神道を信仰している場合、お墓はどうあるべきか考えたことはありますか。また、すでにお墓はあるけれど、お墓を守る人がいなかったり、お墓のある場所が遠く、お墓参りが途絶えてしまいそうだったりと、お墓の維持に悩んでいる人もいるでしょう。
経済的にお墓を管理するのが大変だと感じている人もいるかもしれません。
ここでは、神道のお墓の特徴やしきたりなどについて解説します。
墓じまいに関して視野に入れた方が良いことも説明していきますので、神道のお墓や墓じまいについて悩んでいる人は、ぜひ参考にしてみてください。
神道ってそもそもどんな宗教?
神道とは、日本の土着の宗教を指します。
古来の民間信仰と儀礼の複合体を原点に持ち、動植物や岩などにも神や神聖なものの存在を認める、アニミズム的な特徴を持った宗教です。
その起源は大変古く、紀元前200年頃まで遡るといわれています。
縄文時代の遺跡からは、何らかの呪術的な意味を持つであろう遺物も見つかっています。神道という言葉が始めて文献に登場したのは、西暦720年に編さんされた、日本書記という歴史書です。
ただし、このときには神道というのは、宗教的儀式や神々、社(やしろ)を指したものでした。
宗教という概念を含んだ意味で使われるようになったのは、12世紀に入ってからのことです。

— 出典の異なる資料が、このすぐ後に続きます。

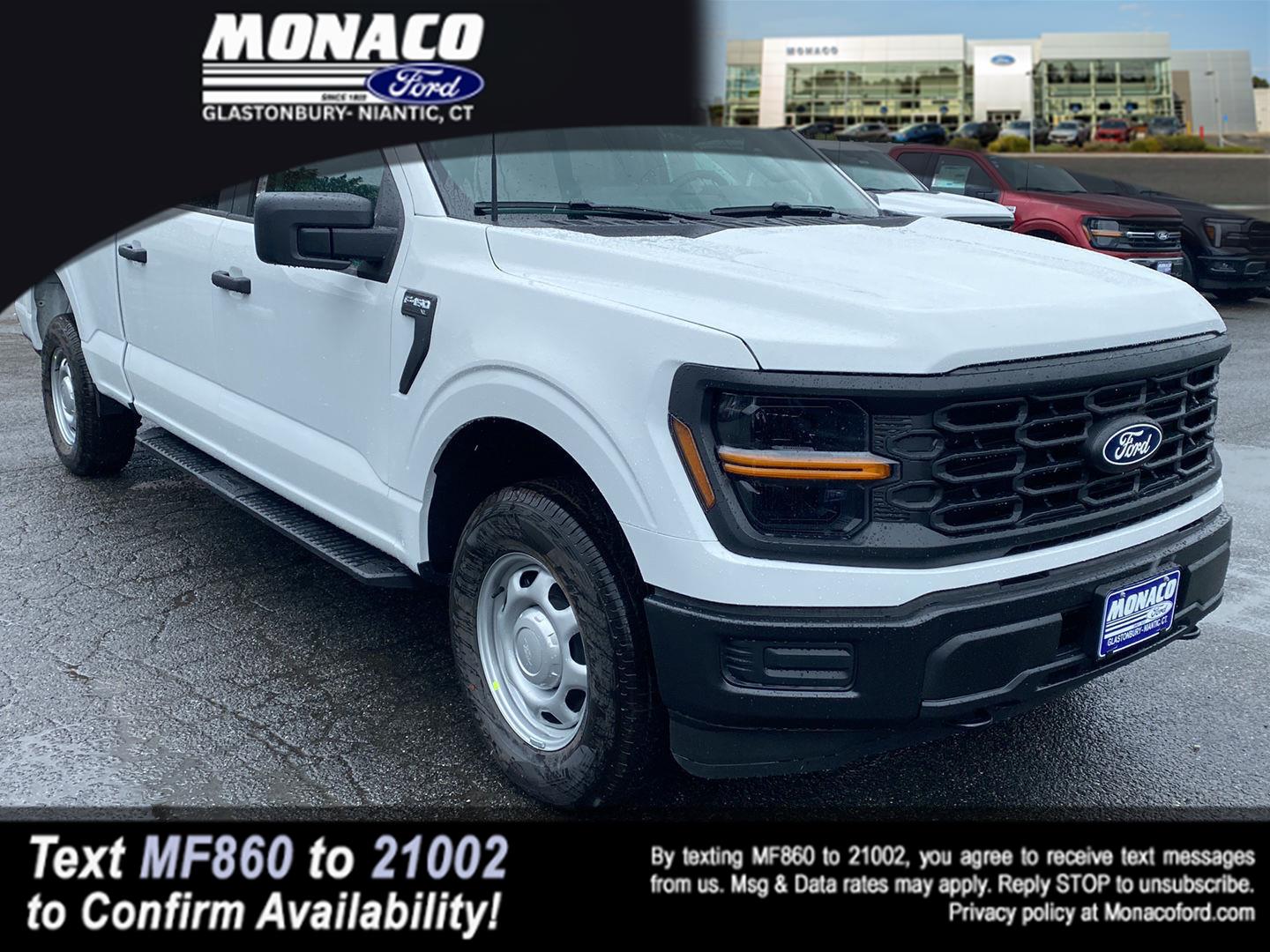Oxford White 2026 Ford F-150 Pickup Truck Four-Wheel Drive Automatic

神道は日本の人々の日常生活に密接な関係を持っていますが、特にそれを作り出した教祖はいません。
キリスト教でいうところの聖書や、イスラム教のコーランのような教典もありませんし、組織化された団体もないのです。
神という漢字が使われてはいますが、もともとは先祖の信仰や神社で祭祀を行うこと、大きな自然の力に対する畏敬などが始まりであり、そこから日本の島々の創造や神々降臨の伝説へとつながっていったようです。
近代になり神がGodと訳されたため、一神教の宗教と間違われることもあるみたいですが、それは誤解です。神道には、神学や集まった人々による礼拝というのは、あまりありません。
また、神道は仏教との関係も深く、両部神道といって神仏が合体して信仰の対象となっていたこともあります。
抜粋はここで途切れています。